--- WHAT TO WORK ON ---
An exact copy of the records is needed; please leave the images out.

[Saved entries]
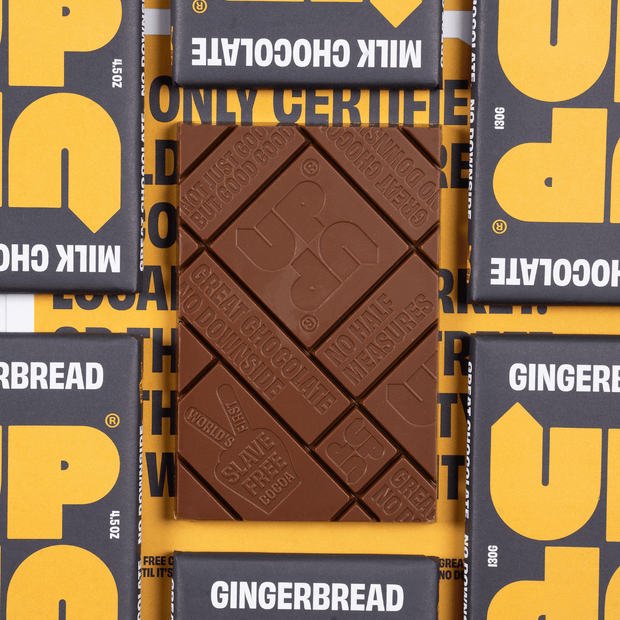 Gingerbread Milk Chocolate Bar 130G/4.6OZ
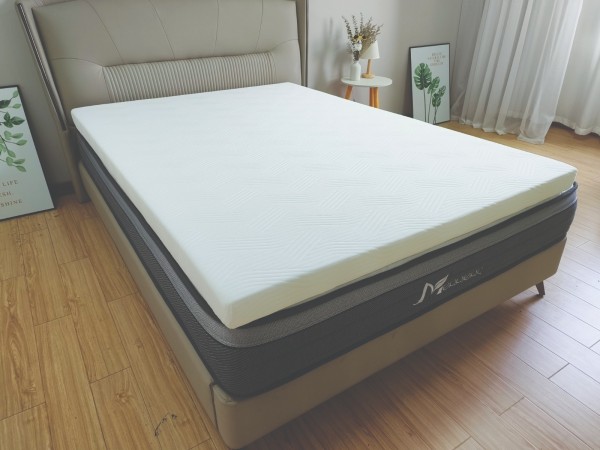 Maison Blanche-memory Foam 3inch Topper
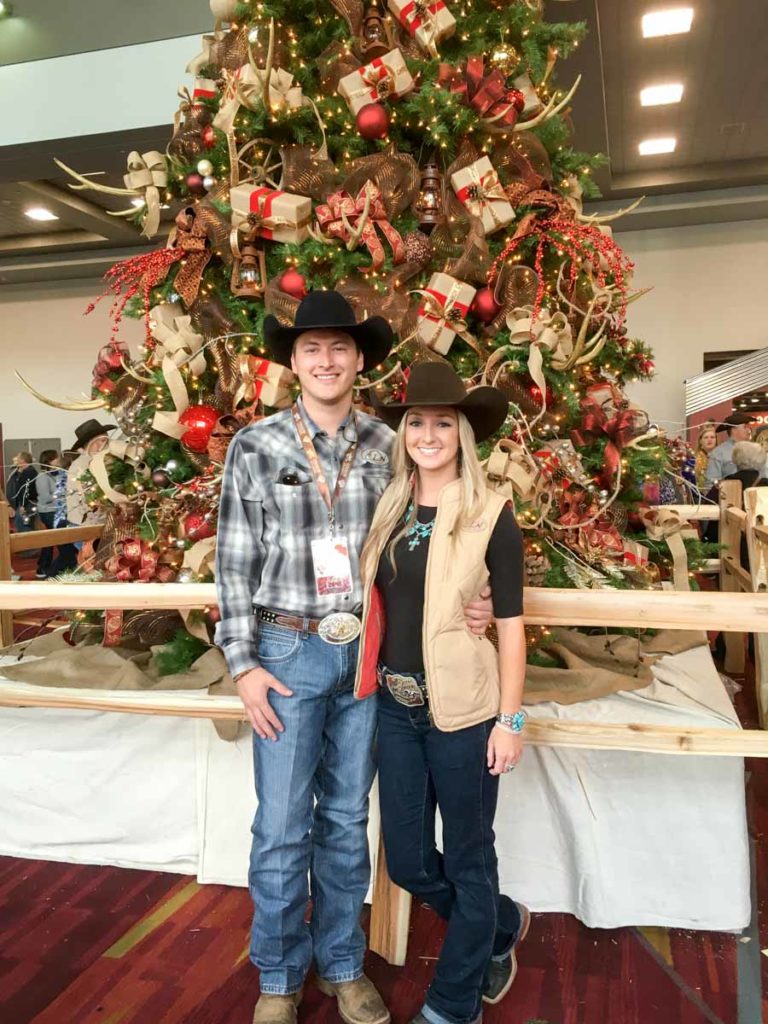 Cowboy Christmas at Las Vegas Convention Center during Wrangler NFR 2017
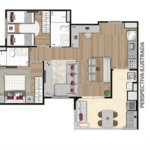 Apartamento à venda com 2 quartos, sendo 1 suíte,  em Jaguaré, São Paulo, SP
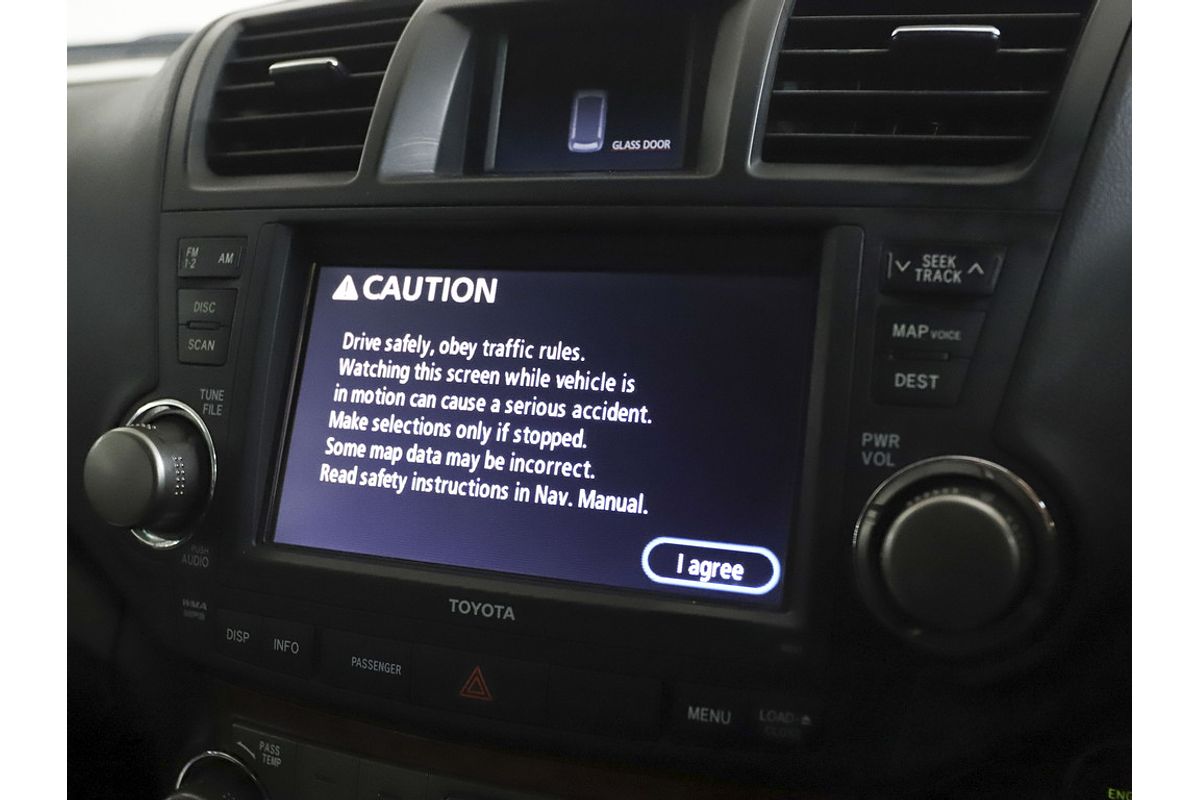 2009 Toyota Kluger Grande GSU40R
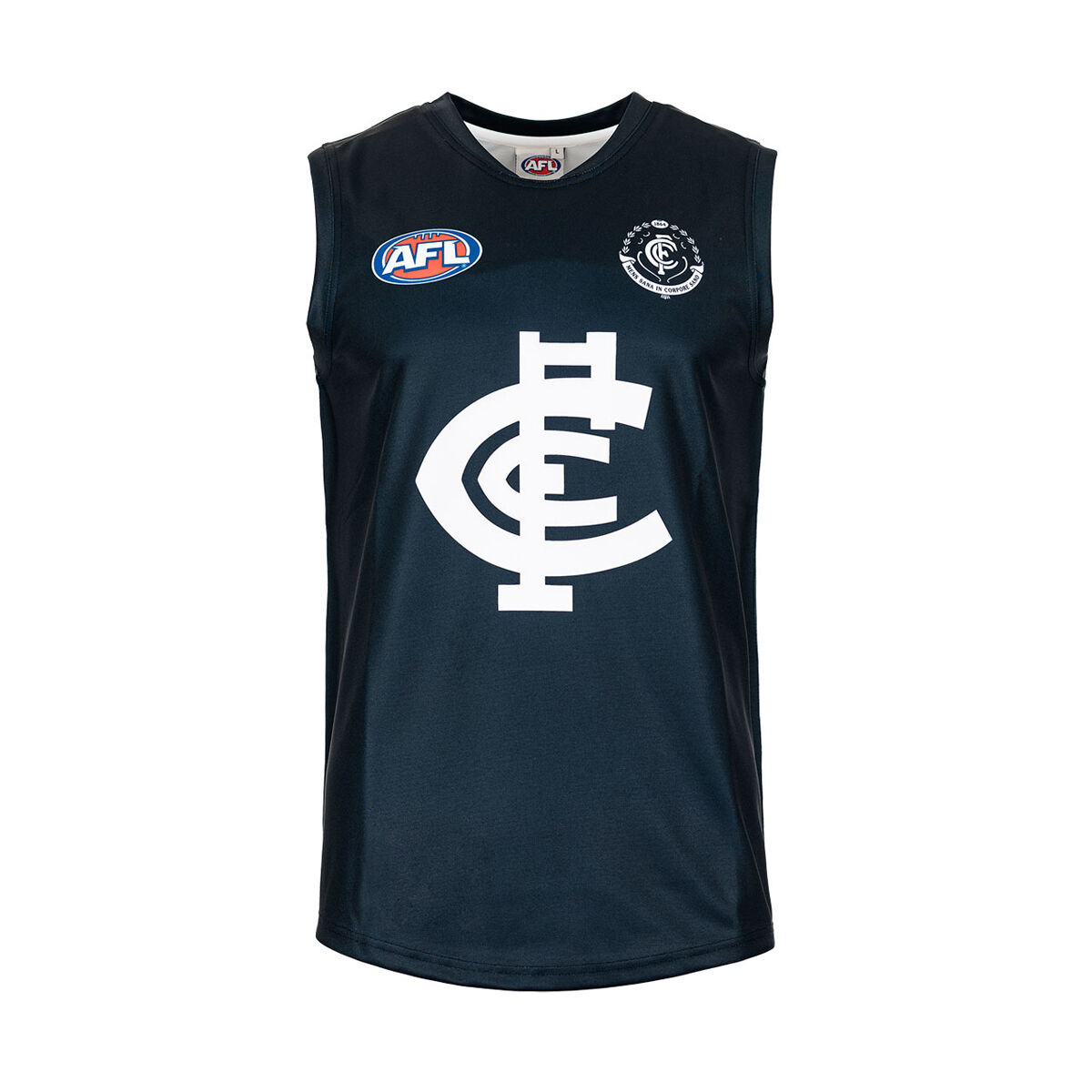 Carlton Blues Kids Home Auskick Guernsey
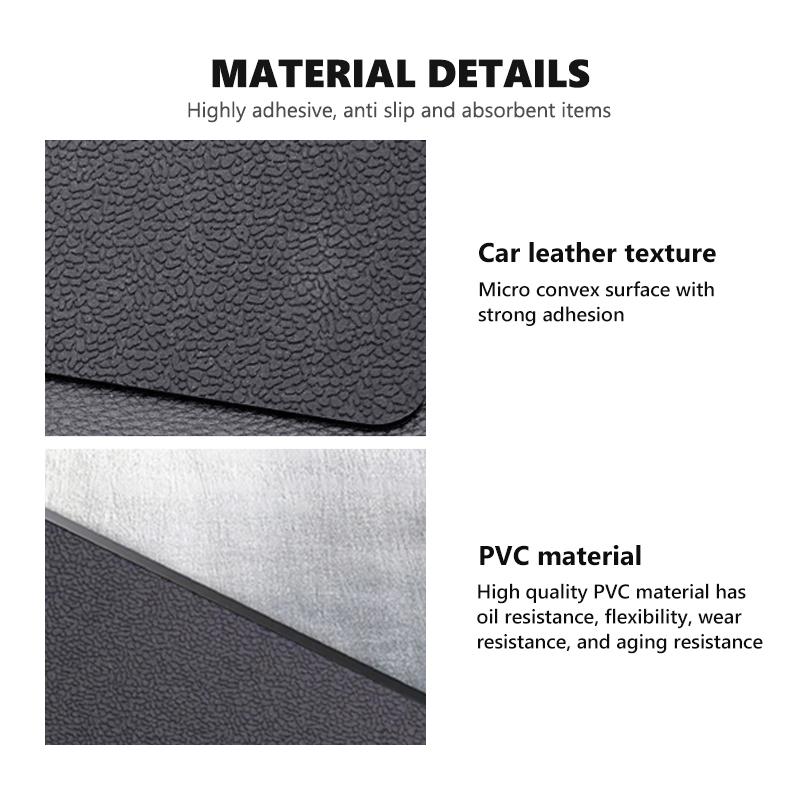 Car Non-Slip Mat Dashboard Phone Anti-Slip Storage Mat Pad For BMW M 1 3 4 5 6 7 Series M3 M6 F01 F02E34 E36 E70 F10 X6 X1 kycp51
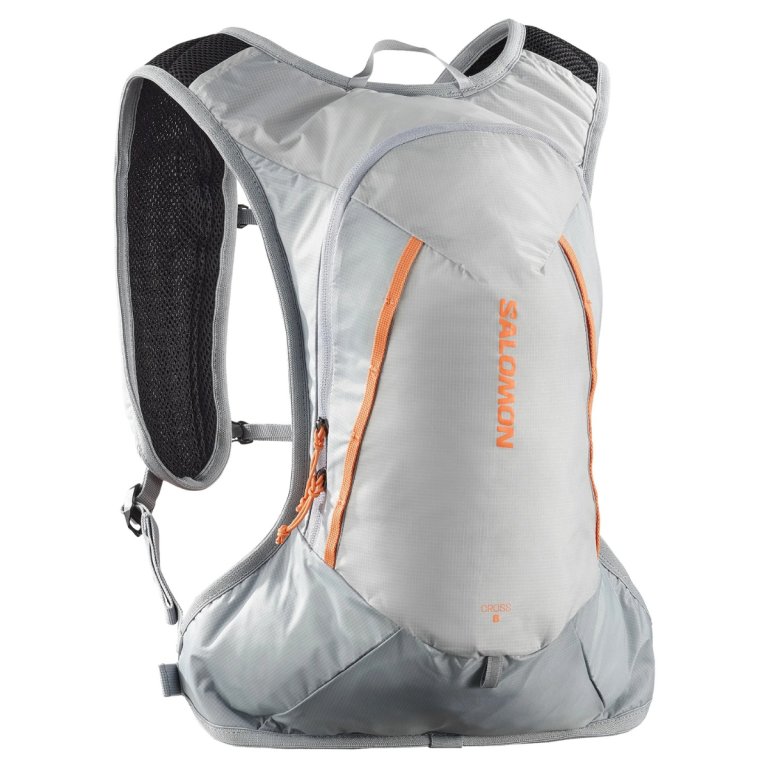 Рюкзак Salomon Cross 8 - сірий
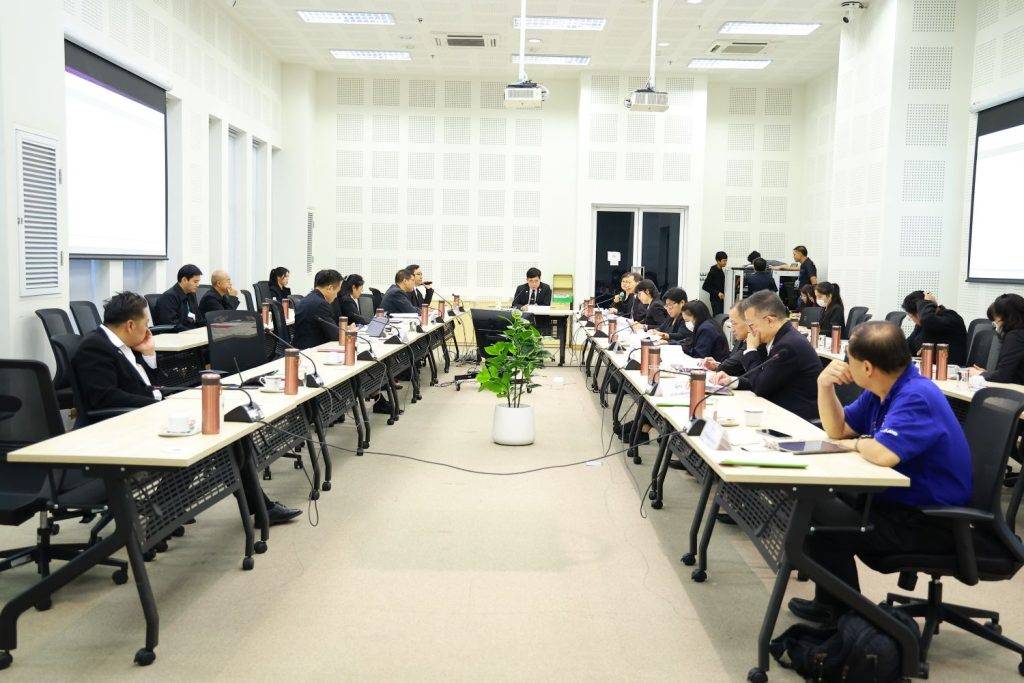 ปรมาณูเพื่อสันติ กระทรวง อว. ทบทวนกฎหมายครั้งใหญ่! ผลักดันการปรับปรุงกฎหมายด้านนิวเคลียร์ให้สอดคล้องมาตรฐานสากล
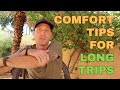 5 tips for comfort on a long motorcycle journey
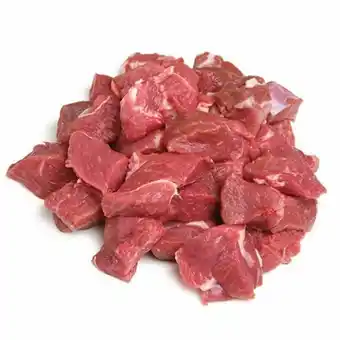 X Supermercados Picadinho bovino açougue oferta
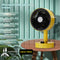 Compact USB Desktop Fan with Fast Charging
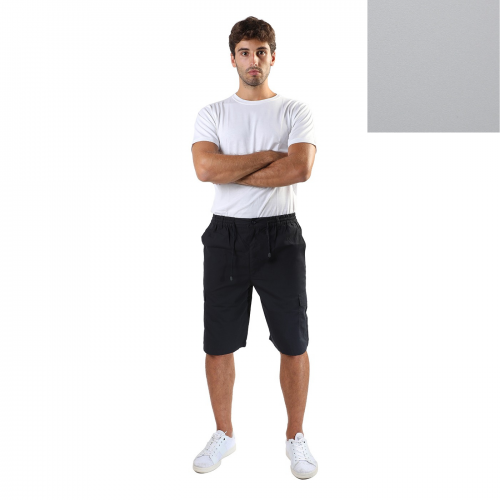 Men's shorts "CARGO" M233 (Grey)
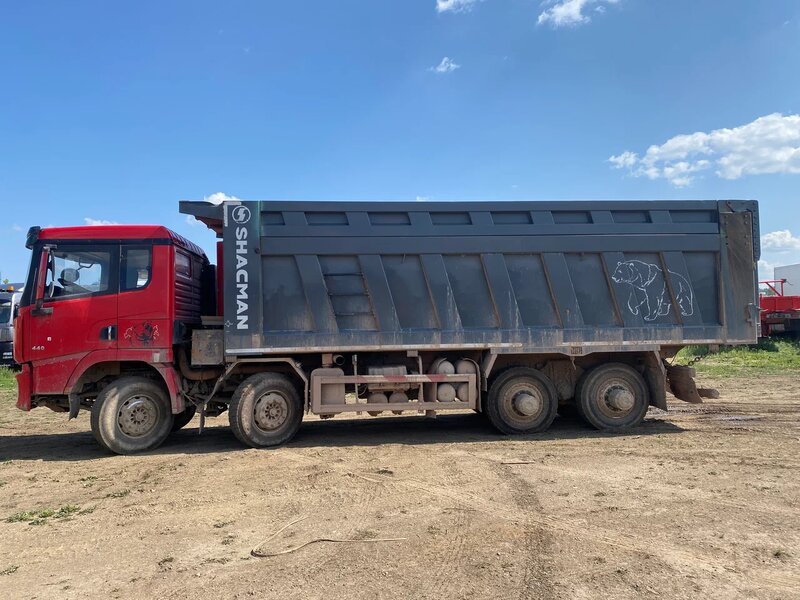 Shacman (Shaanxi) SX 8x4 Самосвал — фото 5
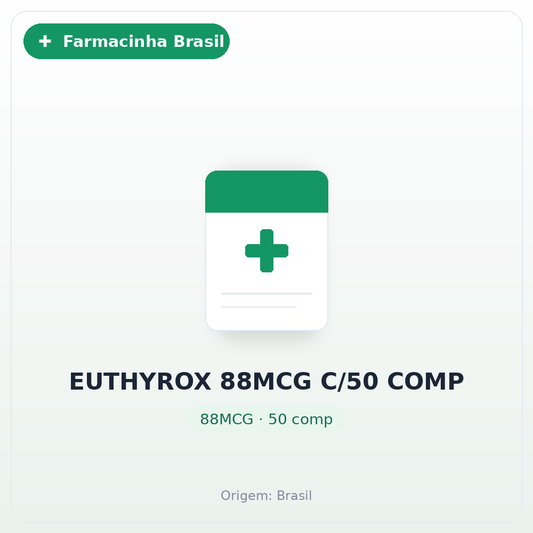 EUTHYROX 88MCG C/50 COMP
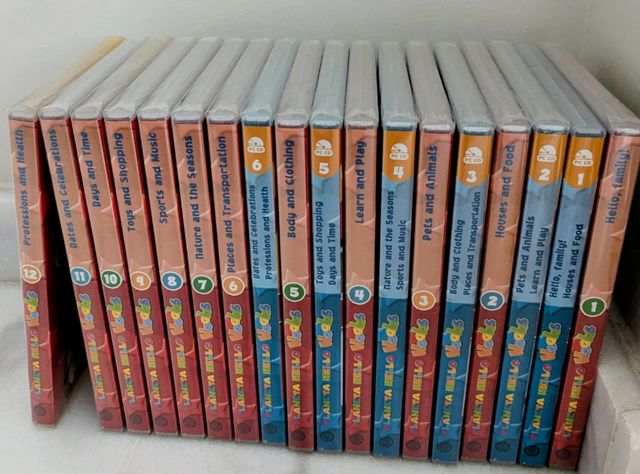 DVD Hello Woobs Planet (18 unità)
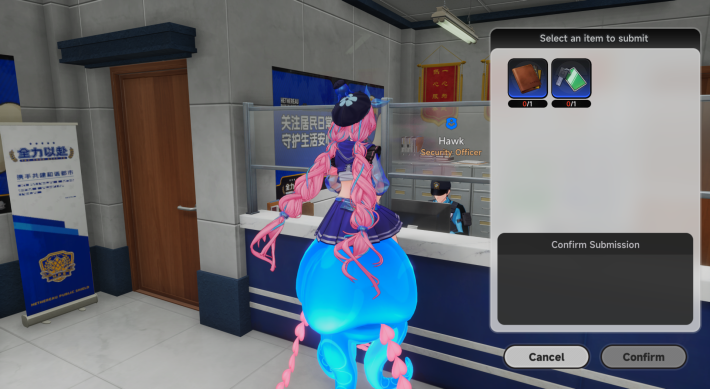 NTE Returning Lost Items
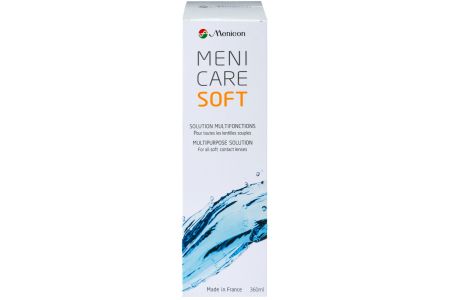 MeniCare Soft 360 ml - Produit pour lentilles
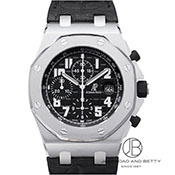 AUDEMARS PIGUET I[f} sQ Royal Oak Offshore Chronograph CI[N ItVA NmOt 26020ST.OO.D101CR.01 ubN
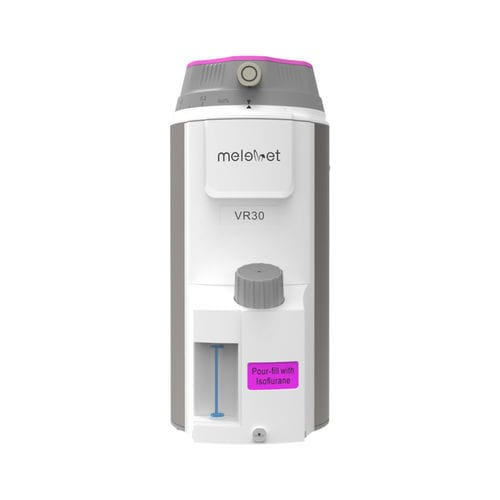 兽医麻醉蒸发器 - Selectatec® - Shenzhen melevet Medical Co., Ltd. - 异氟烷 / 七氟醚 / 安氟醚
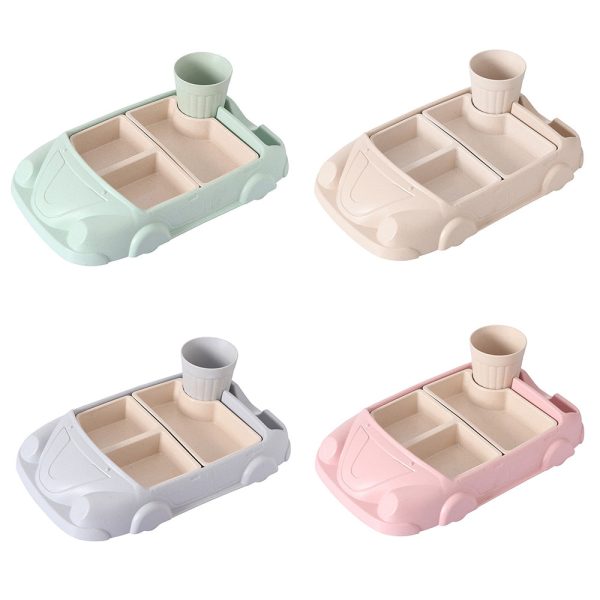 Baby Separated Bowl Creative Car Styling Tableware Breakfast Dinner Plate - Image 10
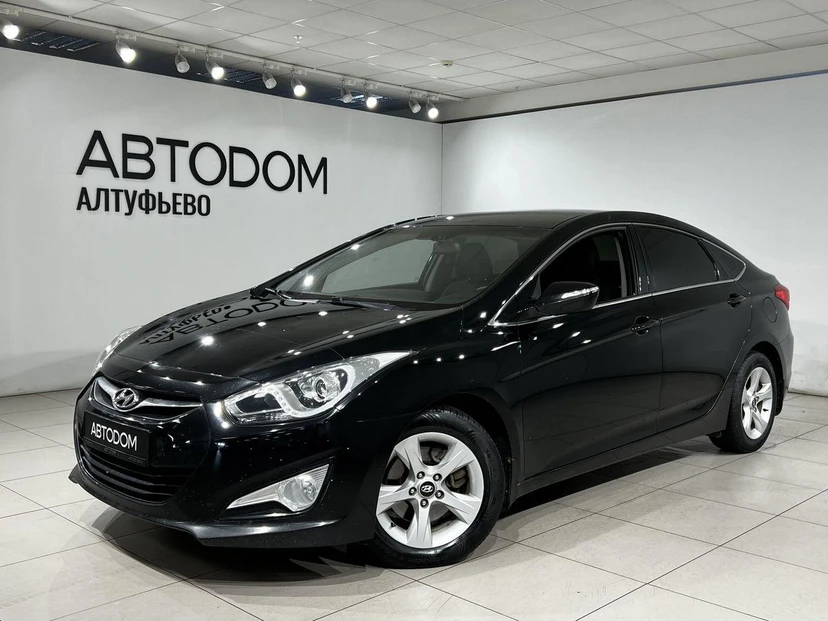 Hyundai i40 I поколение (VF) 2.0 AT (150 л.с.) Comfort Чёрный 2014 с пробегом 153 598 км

--- TASK RESULT ---
 Gingerbread Milk Chocolate Bar 130G/4.6OZ
 Maison Blanche-memory Foam 3inch Topper
 Cowboy Christmas at Las Vegas Convention Center during Wrangler NFR 2017
 Apartamento à venda com 2 quartos, sendo 1 suíte,  em Jaguaré, São Paulo, SP
 2009 Toyota Kluger Grande GSU40R
 Carlton Blues Kids Home Auskick Guernsey
 Car Non-Slip Mat Dashboard Phone Anti-Slip Storage Mat Pad For BMW M 1 3 4 5 6 7 Series M3 M6 F01 F02E34 E36 E70 F10 X6 X1 kycp51
 Рюкзак Salomon Cross 8 - сірий
 ปรมาณูเพื่อสันติ กระทรวง อว. ทบทวนกฎหมายครั้งใหญ่! ผลักดันการปรับปรุงกฎหมายด้านนิวเคลียร์ให้สอดคล้องมาตรฐานสากล
 5 tips for comfort on a long motorcycle journey
 X Supermercados Picadinho bovino açougue oferta
 Compact USB Desktop Fan with Fast Charging
 Men's shorts "CARGO" M233 (Grey)
 Shacman (Shaanxi) SX 8x4 Самосвал — фото 5
 EUTHYROX 88MCG C/50 COMP
 DVD Hello Woobs Planet (18 unità)
 NTE Returning Lost Items
 MeniCare Soft 360 ml - Produit pour lentilles
 AUDEMARS PIGUET I[f} sQ Royal Oak Offshore Chronograph CI[N ItVA NmOt 26020ST.OO.D101CR.01 ubN
 兽医麻醉蒸发器 - Selectatec® - Shenzhen melevet Medical Co., Ltd. - 异氟烷 / 七氟醚 / 安氟醚
 Baby Separated Bowl Creative Car Styling Tableware Breakfast Dinner Plate - Image 10
 Hyundai i40 I поколение (VF) 2.0 AT (150 л.с.) Comfort Чёрный 2014 с пробегом 153 598 км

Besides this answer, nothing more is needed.